++++ ENTRIES PROVIDED

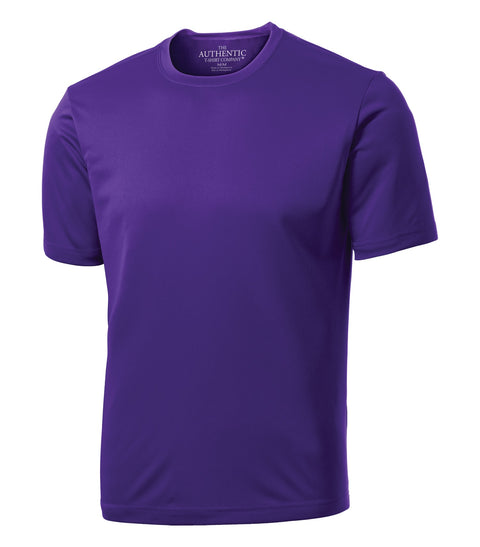 S350 - Tee-shirt à manche courte Unisexe - Polyestere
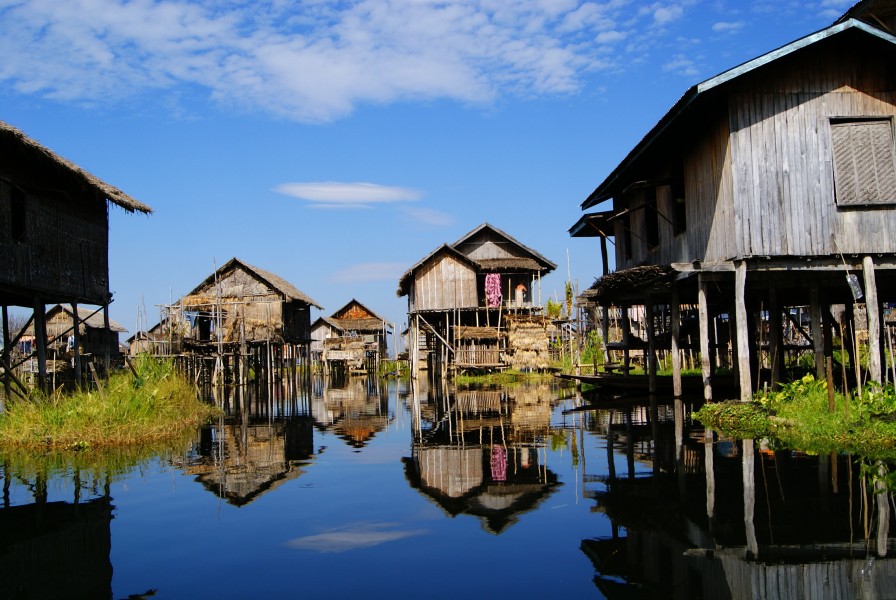 Inle-Yawnghwe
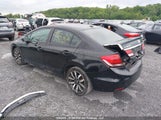 Honda Civic Touring 2HGFB2F71EH006219 снимка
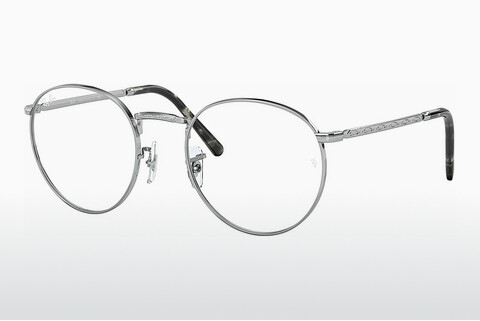 Óculos de design Ray-Ban NEW ROUND (RX3637V 2501)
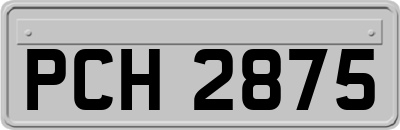 PCH2875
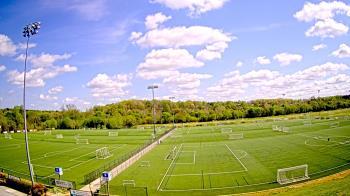Weather camera view of Truist Sports Park.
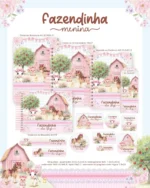 Fazendinha Menina – Volta às Aulas 2026 (Pamela Vieira) - Imagem 4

++++++++

Should a picture appear among the entries, skip it and copy the rest exactly.

▸ **RESPONSE TO THE EXERCISE**
 S350 - Tee-shirt à manche courte Unisexe - Polyestere
 Inle-Yawnghwe
 Honda Civic Touring 2HGFB2F71EH006219 снимка
 Óculos de design Ray-Ban NEW ROUND (RX3637V 2501)
 PCH2875
Weather camera view of Truist Sports Park.
 Fazendinha Menina – Volta às Aulas 2026 (Pamela Vieira) - Imagem 4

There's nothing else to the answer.